The eighth Columbia (SSN-771) was laid down on 21 April 1993 at Groton, Conn., by General Dynamics Electric Boat; launched on 24 September 1994; sponsored by First Lady of the United States Hillary R. Clinton; and was commissioned on 9 October 1995 at Naval Submarine Base New London, Conn., Cmdr. Dale R. Govan in command.

On 20 August 1998 the U.S. launched Operation Infinite Reach (Resolute Response) — two simultaneous retaliatory raids in response to the twin al-Qaeda attacks. Guided missile cruisers Cowpens (CG-63) and Shiloh (CG-67), destroyers Elliott (DD-967) and Milius (DDG-69), and Columbia, operating with the Abraham Lincoln (CVN-72) Carrier Battle Group sailing in the North Arabian Sea, fired 73 BGM/UGM-109 Tomahawk Land Attack Missiles (TLAMs) at the Zhawar Kili al-Badr terrorist training and support complex, located 30 miles southwest of Khowst, Afghanistan. Destroyers Briscoe (DD-977) and Hayler (DD-997), steaming in the Red Sea, launched six more TLAMs against the al-Shifa pharmaceutical plant near Khartoum, Sudan.
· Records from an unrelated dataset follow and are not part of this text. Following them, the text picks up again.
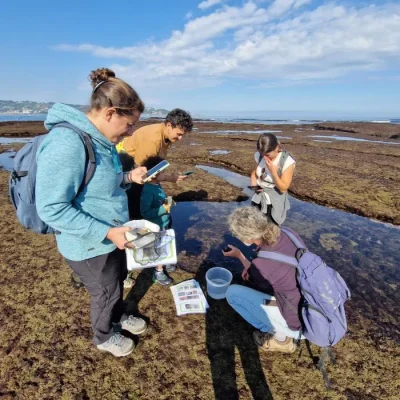 Observateurs-du-Littoral-decouvrez-la-richesse-de-la-biodiversite-de-lestran-rocheux.-8211-09-10-2025-8211-Hendaye_2974623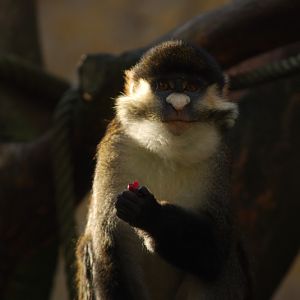Schmidts red-tailed monkey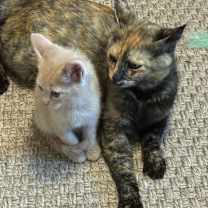 Thumbnail photo of Gemini (mom) #2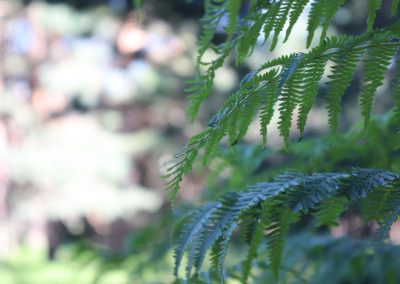 LosLagunazosBosquesFrondosos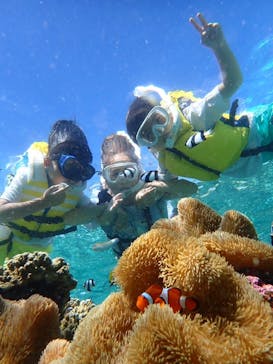 nico 宮古島に投稿された画像（2024/7/22）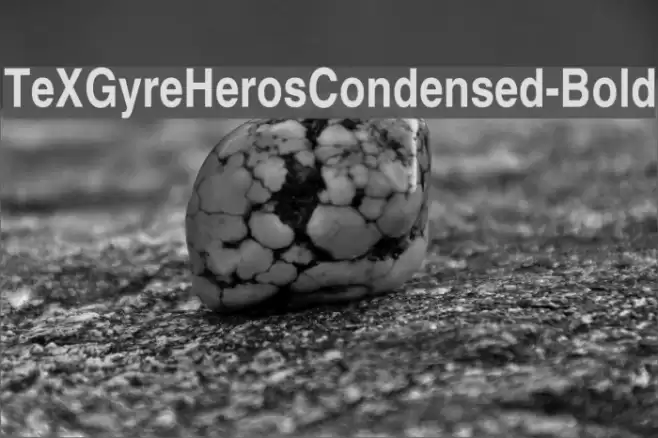 TeXGyreHerosCondensed-Bold Font examples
Intelligence analysts suspected the plant of having ties to Usama bin Laden, and of manufacturing precursor chemicals for the deadly VX series of nerve gas. The Sudanese and critics, however, claimed that the plant did not produce VX. Additional ships involved in these actions included amphibious assault ship Essex (LHD-2), dock landing ship Anchorage (LSD-36), and amphibious transport dock Duluth (LPD-6), with the 15th Marine Expeditionary Unit embarked. Forward deployed Lockheed EP-3E Aries IIs of Fleet Air Reconnaissance Squadron (VQ) 1 and P-3C Orions of Patrol Squadron (VP) 9 operated as part of Task Force 57. The attacks killed at least 11 terrorists. Abraham Lincoln evaluated the “pivotal” role of her command, control, communications, computers, and information suite in the two simultaneous operations on two separate continents, and in the dissemination of the initial battle damage assessment.
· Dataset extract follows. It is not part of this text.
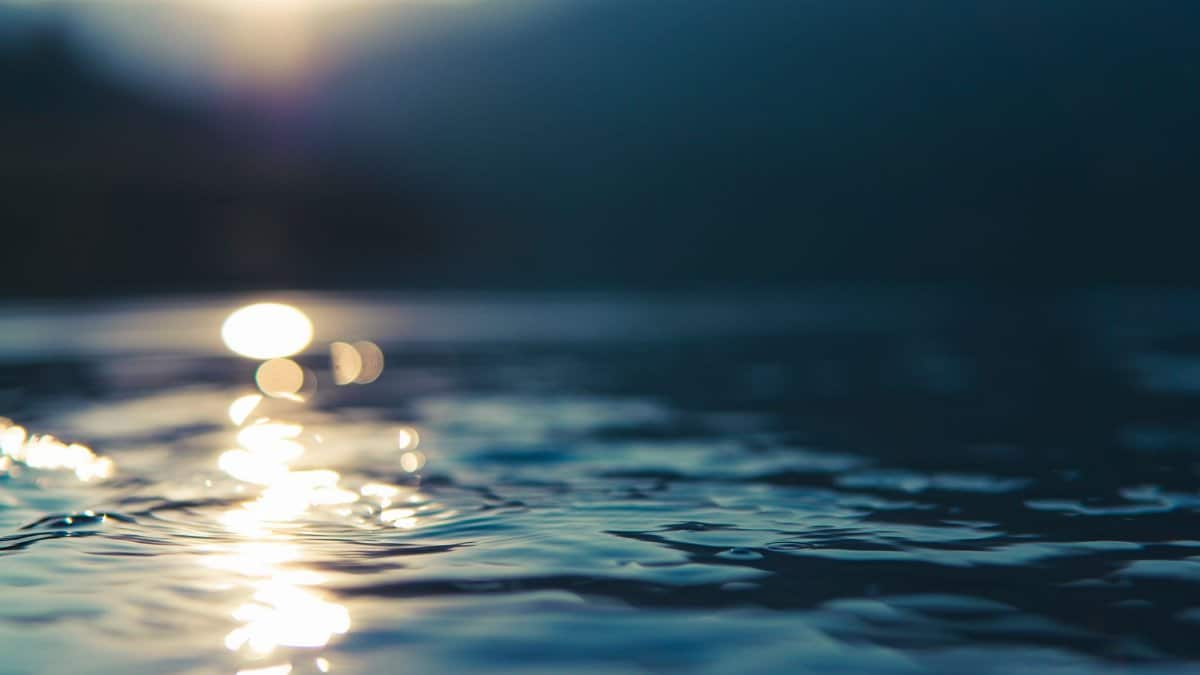 Peaceful water surface reflecting the sunrise in a serene natural setting.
Columbia, Cmdr. Duane R. Ashton in command, deployed for Operation Enduring Freedom and Operation Iraqi Freedom (6 December 2002–6 June 2003) and on 21 and 22 March she joined 29 other U.S. and British ships and submarines that fired TLAMs against Iraqi military targets.

Columbia VIII (SSN-771) 1995-030606-N-3707W-001
Crewmen moor Columbia when they return triumphantly from Operations Enduring Freedom and Iraqi Freedom to Naval Station Pearl Harbor, Hi., 6 June 2003. Commercial tug Tiger 1 pushes the submarine to her berth, and the rattlesnake jack, a flag dating from the American Revolution and bearing the motto “Don’t Tread on Me,” snaps defiantly in the breeze. (Journalist 2nd Class John Watts, U.S. Navy Photograph 030606-N-3707W-001, Navy NewsStand)
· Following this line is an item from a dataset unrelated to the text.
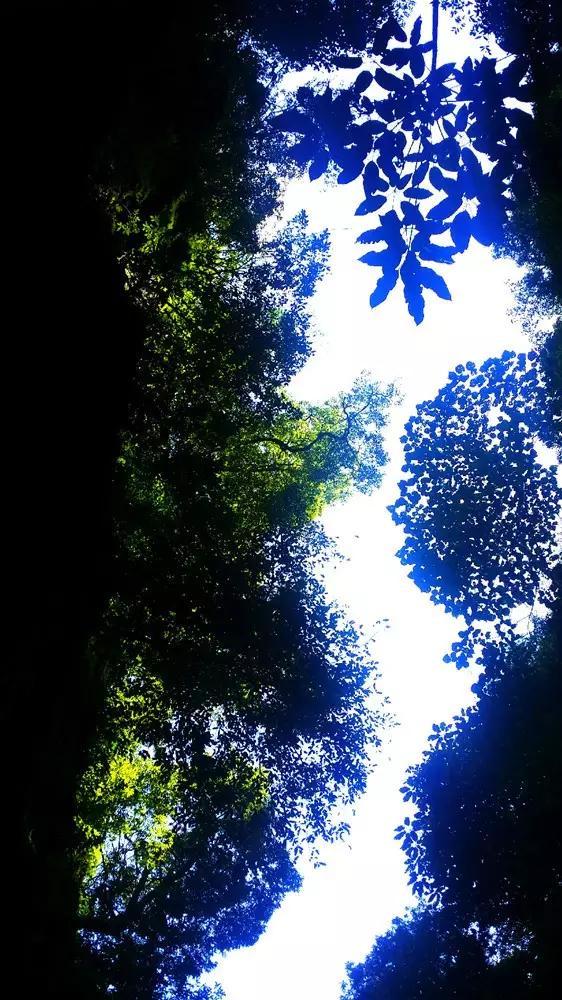 救援袋鼬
Columbia VIII (SSN-771) 1995-111221-N-UK333-045
Columbia returns from a deployment to the Western Pacific to Joint Base Pearl Harbor-Hickam, Hi., 21 December 2011. (Mass Communication Specialist 2nd Class Ronald Gutridge, U.S. Navy Photograph 111221-N-UK333-045, Navy NewsStand)
Columbia VIII (SSN-771) 1995-111221-N-UK333-093
Sonar Technician 1st Class Philip Martinez’s wife greets him with a kiss when Columbia returns, 21 December 2011. (Mass Communication Specialist 2nd Class Ronald Gutridge, U.S. Navy Photograph 111221-N-UK333-093, Navy NewsStand)

Detailed history under construction.